Длинное эссе о втором произведении Е.С. Велтистова из сборника "Миллион и один день каникул". Повесть "Гум-гам" , что мне в ней понравилось в детстве и мои взрослые мысли об этом.
В предыдущей статье я упомянул сборник "Миллион и один день каникул" писателя Евгения Серафимовича Велтистова, и немного разобрал первую повесть-сказку этого сборника, названием которой он и озаглавлен. Хотя.., "разобрал" - это, конечно, слишком громко сказано; скорее, я попытался описать тот глубокий отпечаток, оставленный в моём сознании данной повестью, или даже больше самим, прекрасно иллюстрированным, сборником.
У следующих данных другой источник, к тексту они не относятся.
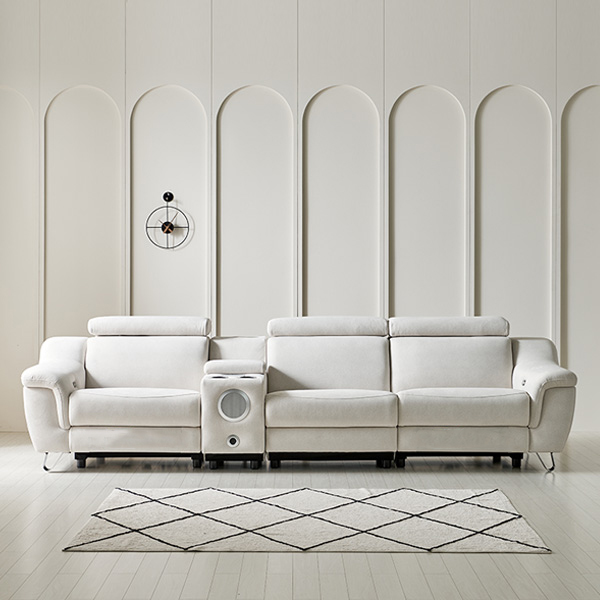 클락 4인 리클라이너_콘솔 헨지디자인 클락 4인 리클라이너 소파 (2방석 리클라이너) 콘솔 포함 렌탈 상품 대표 이미지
В этом эссе я продолжу начатое в эссе прошлом, и это продолжение будет иметь абсолютно субъективную направленность, ибо ценность произведения (а ценность "Гум-Гама" для меня, во мне же и не вызывает сомнения) тем больше, чем больше она находит откликов в душах весьма непохожих друг на друга людей. Потому я и хочу уяснить (и посмаковать), чем же она, эта повесть, смогла конкретно меня тогда очаровать. И сейчас, умеющему, благодаря немалому жизненному опыту, многое в жизни объяснить, меня переполняет желание произвести анатомическое вскрытие, и детальное исследование этого произведения. С какой целью? Видимо, с целью разобрать его на семантические детали из которых оно состоит, узнать по каким законам эти части взаимодействуют друг с другом и с моим сознанием, и как эти взаимодействия оживляют моё пространство воображения, делая его настолько притягательным, что я имею сильное желание эти детали сделать неотъемлемой частью, инструментом своего сознания, чтобы в дальнейшем, по мере необходимости, уметь из них, или посредством их, уже сознательно, вводить себя в состояние детской непосредственной любознательности и жажды жизни, и тем самым оживлять свой, уже зрелый и ленивый, ум. Продлить свою молодость, если уж говорить совсем откровенно.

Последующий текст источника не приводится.